Conception de l’action civile centrée sur la victime d’infraction

Conception de l’action civile centrée sur la victime d’infraction

Section 2

Une conception de l’action civile centrée sur la victime d’infraction

345. Il peut paraître a priori logique que l’action civile soit conçue autour de la personne de la victime de l’infraction540. En effet, cette action est avant tout l’action en réparation du dommage découlant de l’infraction.

Or, la mesure de l’action en réparation est l’étendue du dommage subi par la victime et non la gravité de la faute de l’auteur. Contrairement à l’action publique, qui est centrée sur la culpabilité et la personnalité du délinquant, l’action civile s’intéresse au dommage et donc à la victime.

346. En outre, si l’on prend en considération l’aspect vindicatif de l’action civile, qui a été distingué de son aspect indemnitaire, cela nous mène encore à la victime. C’est la victime qui a vocation à disposer d’un droit de vengeance lorsque celui-ci est reconnu.

L’action civile s’oppose ici encore à l’action publique en ce que le fondement du droit de poursuivre est différent. Le droit à la vengeance de la victime, d’essence privée, s’oppose à la défense de l’intérêt général en vertu de laquelle le ministère public a le droit, et même le devoir, de poursuivre l’auteur de l’infraction.

Ce droit à la vengeance ne peut être reconnu qu’à la victime et s’il est considéré comme objet possible de l’action civile, alors cette action doit être abordée en considération du titulaire de la prérogative vindicative.
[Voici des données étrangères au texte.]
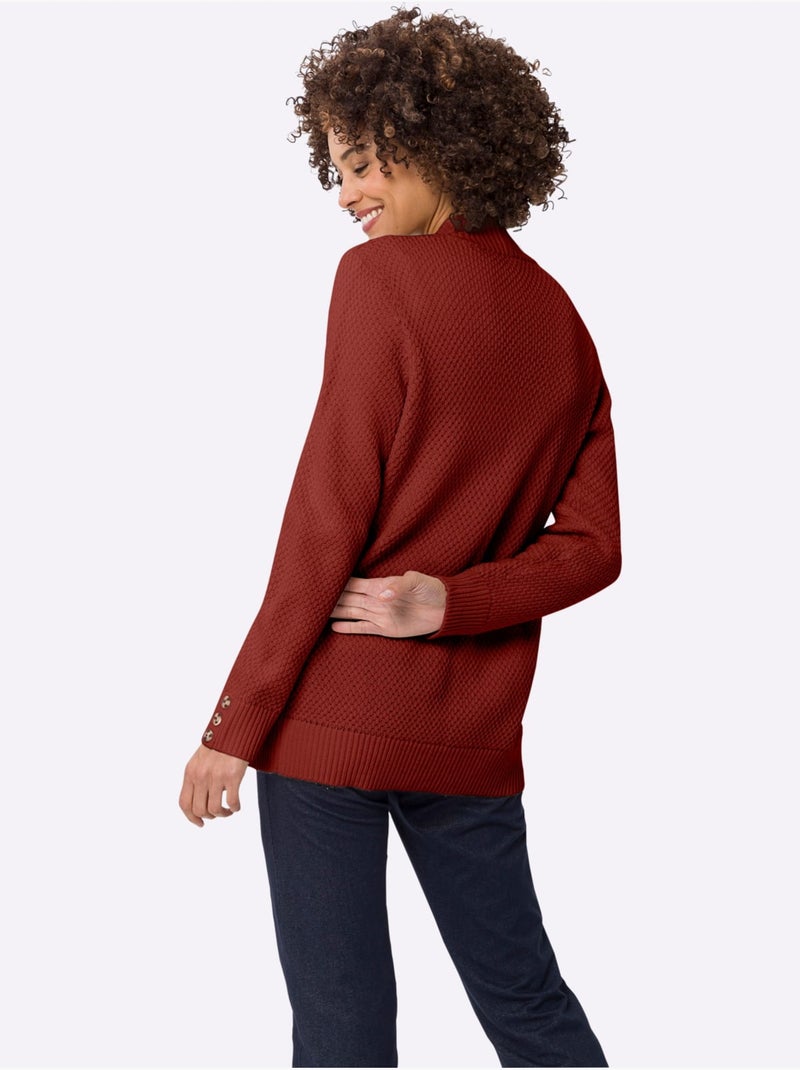 Veste en tricot ouverte avec manches longues et poches - Taille standard - Moda Vilona Cerise - Kiabi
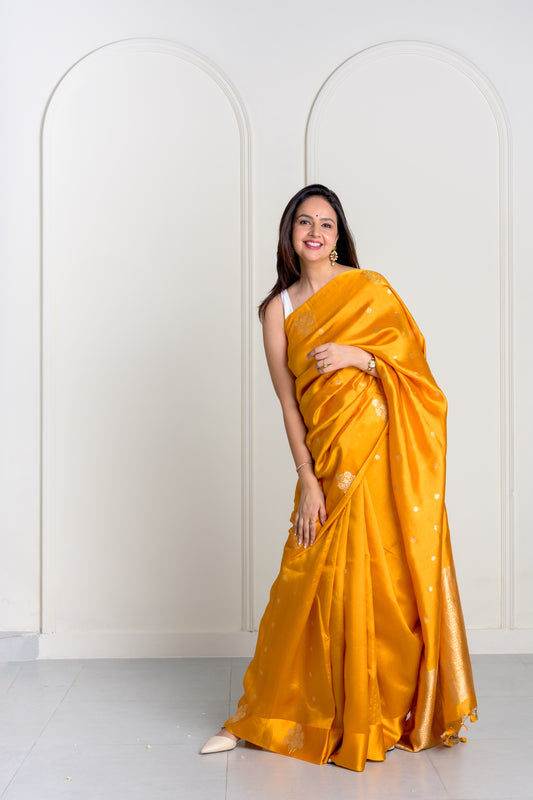 Sunheri Yellow Soft Muslin Puna Silk Sona Rupa Work Saree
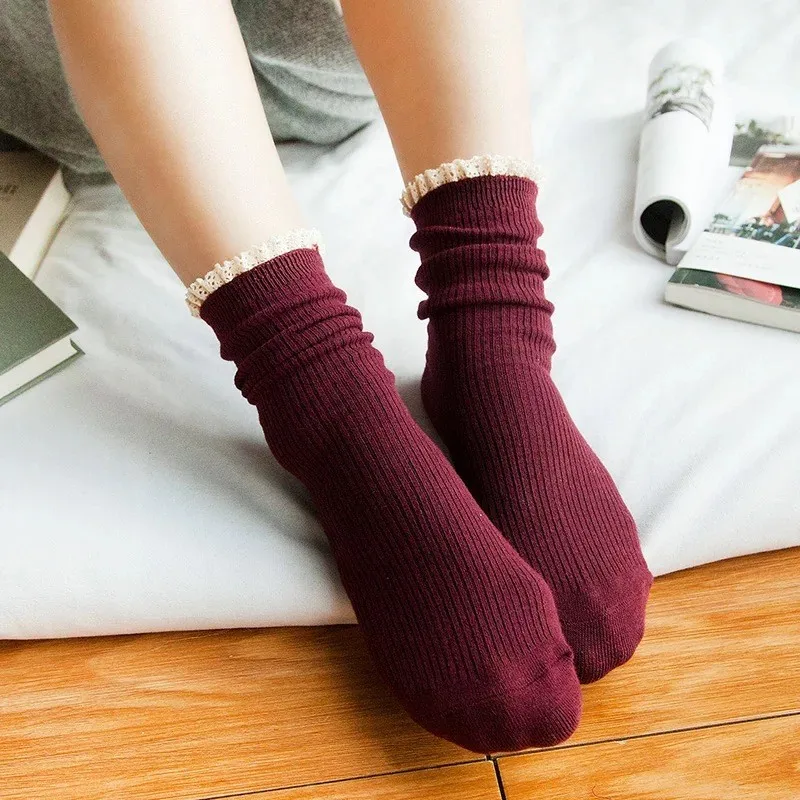 Новые модные кружевные лоскутные хлопковые носки для женщин, женские винтажные повседневные милые носки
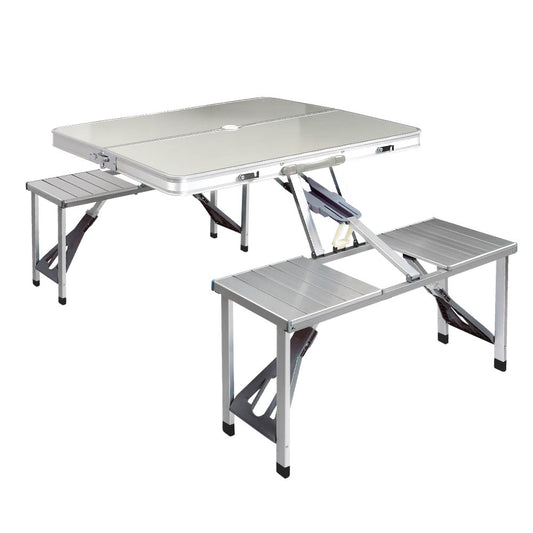 Weisshorn Folding Camping Table with 2 Bench Seats – MDF Top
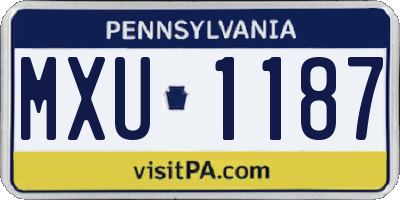 PA license plate MXU1187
347. La jurisprudence et la doctrine s’accordent à reconnaître l’objet indemnitaire de l’action civile, ainsi que l’existence d’un droit de poursuite distinct du droit de réparation.La discussion concernant ce droit de poursuite porte sur l’inclusion ou l’exclusion de l’objet vindicatif de l’action civile541.

Dans la mesure où le droit à indemnisation et le droit de poursuite sont reconnus à la victime de l’infraction, il n’est pas surprenant que l’action civile soit classiquement examinée à l’aune de cette victime (§ 1), même si cette conception apparaît pourtant dépassée et inadaptée aujourd’hui (§ 2).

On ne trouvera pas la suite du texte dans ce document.